Il desiderio dello stesso McConnell e di altri “falchi” repubblicani era quello di ottenere un’estensione almeno temporanea della cosiddetta “Sezione 215” del Patriot Act, così da evitare lo stop, sia pure molto relativo, alle intercettazioni e avviare nuove trattative su un testo condiviso. Questa soluzione era apparsa sempre più improbabile nei giorni scorsi, dopo che un tribunale federale aveva dichiarato illegale questa parte della legge approvata all’indomani degli attentati dell’11 settembre 2001.
I titoli apparsi lunedì mattina sui media americani hanno così annunciato la fine della raccolta dei dati telefonici da parte della NSA. Tuttavia, dietro l’apparenza di un duro scontro tra favorevoli e contrari alle intercettazioni o tra favorevoli e contrari al rispetto della privacy dei cittadini USA, sempre domenica il Senato ha fatto un passo decisivo verso la salvaguardia di gran parte delle facoltà della NSA.
Una legge approvata qualche settimana fa dalla Camera dei Rappresentanti, il cosiddetto Freedom Act, ha superato senza problemi un ostacolo procedurale (“filibuster”), trovandosi la strada spianata verso il voto in aula nel corso della settimana. Un voto finale prima della scadenza della Sezione 215 del Patriot Act nella serata di domenica era risultato impossibile a causa dell’opposizione manifestata dal senatore di tendenze libertarie, nonché candidato alla nomination repubblicana, Rand Paul.
Il Freedom Act è una riforma cosmetica della NSA che toglie a quest’ultima agenzia l’autorità per raccogliere e archiviare direttamente i dati telefonici, i quali verranno invece conservati dalle compagnie di telecomunicazioni. La NSA o l’FBI potranno comunque continuare ad avere accesso alle informazioni ma solo dopo avere ricevuto l’approvazione del docilissimo Tribunale per la Sorveglianza dell’Intelligence Straniera (FISC) e sulla base di richieste circostanziate, legate cioè a ipotetiche minacce “terroristiche”.
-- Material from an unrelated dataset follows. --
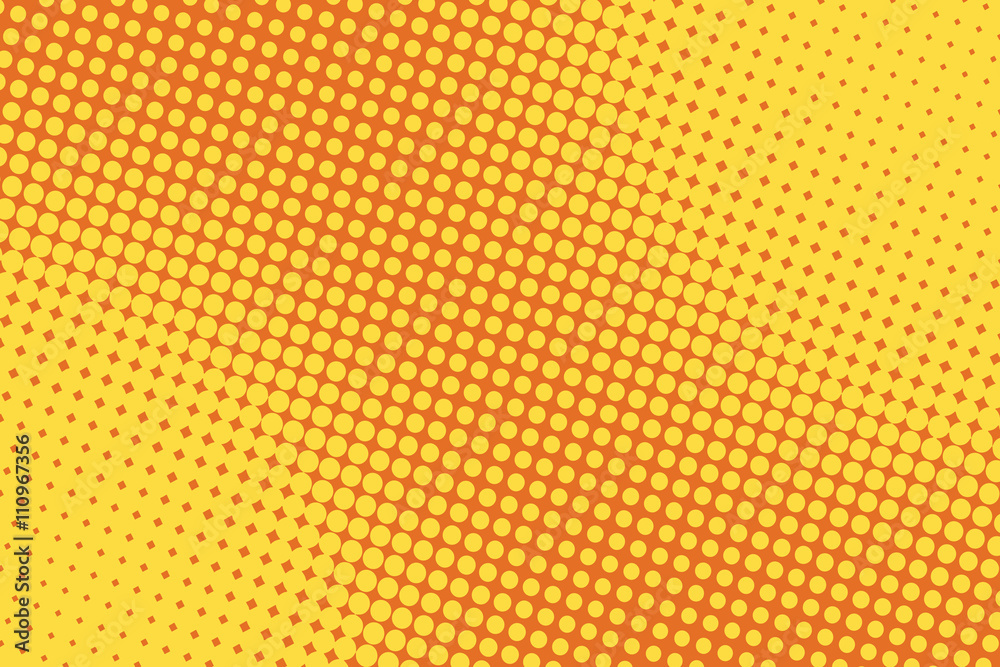 retro comic yellow background raster gradient halftone retro comic yellow background raster gradient halftone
Il percorso del Freedom Act al Senato potrebbe però non essere così semplice. Alcuni repubblicani hanno infatti intenzione di adottare emendamenti alla versione della Camera, ad esempio per portare da sei mesi a un anno il periodo di tempo a disposizione della NSA per passare al nuovo regime. Eventuali cambiamenti al testo attuale richiederebbero un ulteriore passaggio in aula alla Camera, dove nuovi malumori potrebbero emergere allungando i tempi per l’approvazione definitiva.
Ad ogni modo, gli scenari catastrofici dipinti dalla Casa Bianca e dai “falchi” del Congresso sono pura fantascienza. Per cominciare, come hanno confermato ai giornali vari esperti di intelligence, uno stop di pochi giorni alle intercettazioni non avrà conseguenze particolari, visto che la NSA potrà continuare a raccogliere informazioni su individui al centro di indagini già avviate entro il 31 maggio.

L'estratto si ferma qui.